In Cuba, Obama calls for burying ‘last remnant’ of Cold War

U.S. President Barack Obama, right, and his Cuban counterpart Raul Castro wave to cheering fans as they arrive for a baseball game between the Tampa Bay Rays and the Cuban national baseball team, in Havana on Tuesday, March 22, 2016. The crowd roared as Obama and Cuban President Raul Castro entered the stadium and walked toward their seats in the VIP section behind home plate. It’s the first game featuring an MLB team in Cuba since the Baltimore Orioles played in the country in 1999. (Rebecca Blackwell / Associated Press)
Michael Weissenstein Associated Press

HAVANA – Capping his remarkable visit to Cuba, President Barack Obama on Tuesday declared an end to the “last remnant of the Cold War in the Americas” and openly urged the Cuban people to pursue a more democratic future for this communist nation 90 miles from the Florida coast.

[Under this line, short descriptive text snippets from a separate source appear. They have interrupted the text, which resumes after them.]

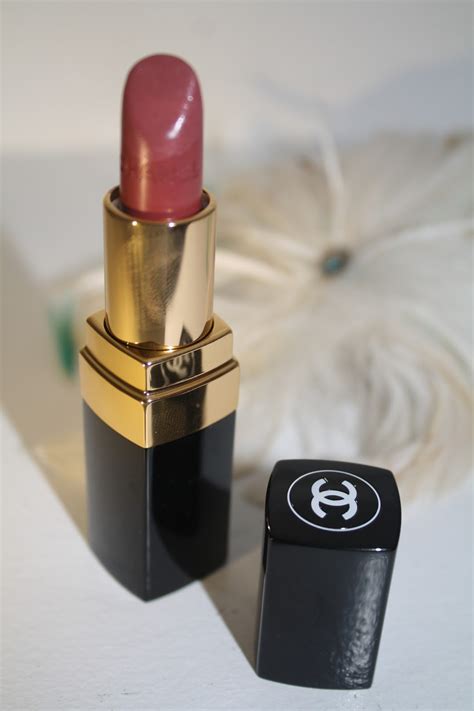 chanel coco rouge lipstick mademoiselle|chanel rouge coco flash lipstick.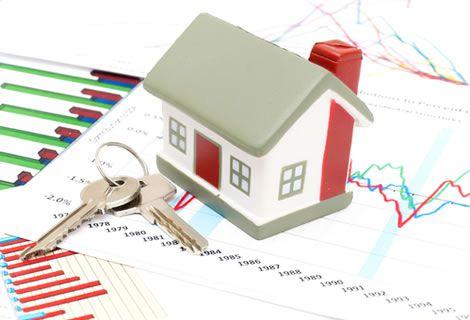 Home Valuation Rule Affects Real Estate Appraisers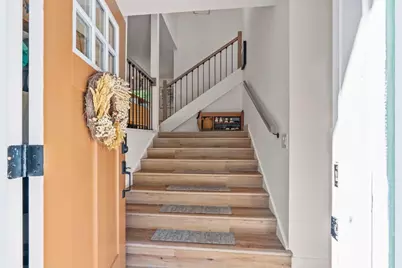 20 Crandall Rd, Monterey, CA 93940 - Photo 3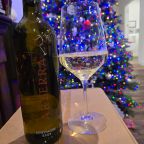 When Time Isn’t Real: Virginia Wines for That Weird Week Between the Holidays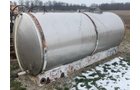Property photo 96 - FARM EQUIPMENT AUCTION IN DEKALB COUNTY, INDIANA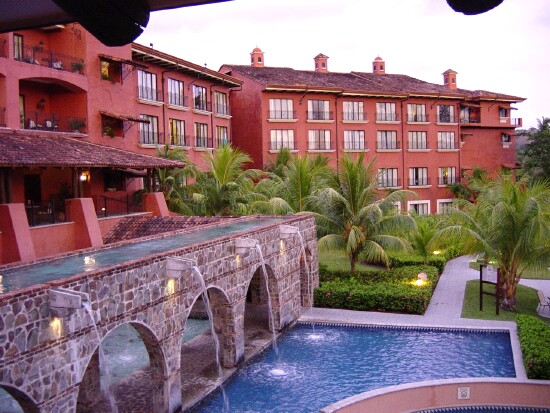 hotel_marriott_los_suenos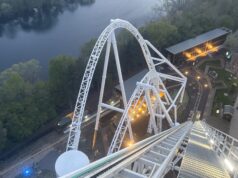 Ultimate VIP Experiences at Thorpe Park – Upgrade Your Day!
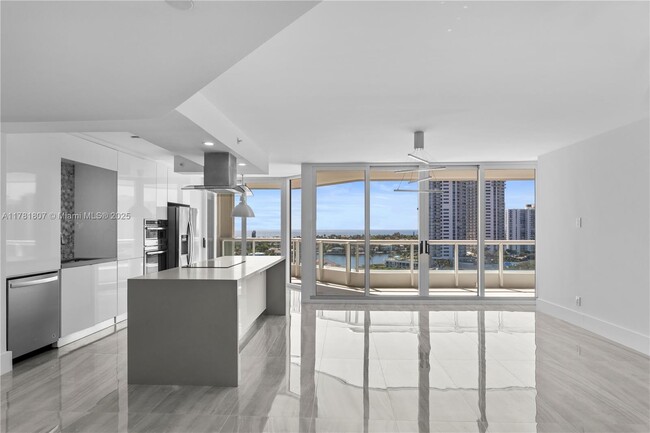 Building Photo - 21055 Yacht Club Dr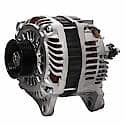 Alternator-New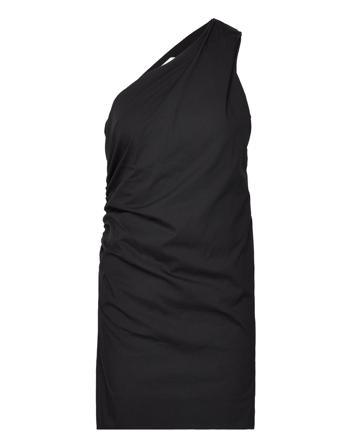 Anita Dresses Party Dresses Musta Rabens Sal R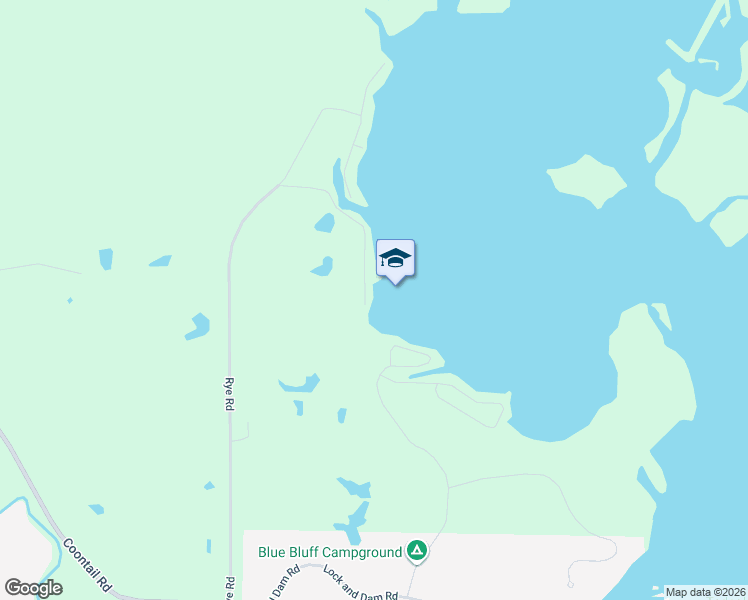 map of restaurants, bars, coffee shops, grocery stores, and more near 20043 Rowell Cove in Aberdeen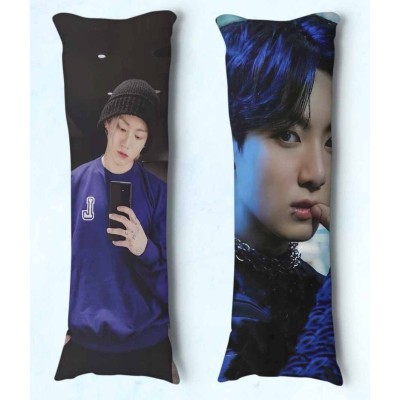 Travesseiro Dakimakura BTS mod.10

With Cuban President Raul Castro watching from a balcony, Obama said the government should not fear citizens who speak freely and vote for their own leaders. And with Cubans watching on tightly controlled state television, Obama said they would be the ones to determine their country’s future, not the United States.

“Many suggested that I come here and ask the people of Cuba to tear something down,” Obama said. “But I’m appealing to the young people of Cuba who will lift something up, build something new.”

On the streets of Havana, the president’s address sparked extraordinarily rare public discussions about democracy, and some anger with Cuba’s leaders. Cubans are used to complaining bitterly about economic matters but rarely speak publicly about any desire for political change, particularly in conversations with foreign journalists.

Juan Francisco Ugarte, Oliva, a 71-year-old retired refrigeration technician, said the American president “dared to say in the presence of the leaders, of Raul Castro, that (Cubans) had the right to protest peacefully without being beaten or arrested.”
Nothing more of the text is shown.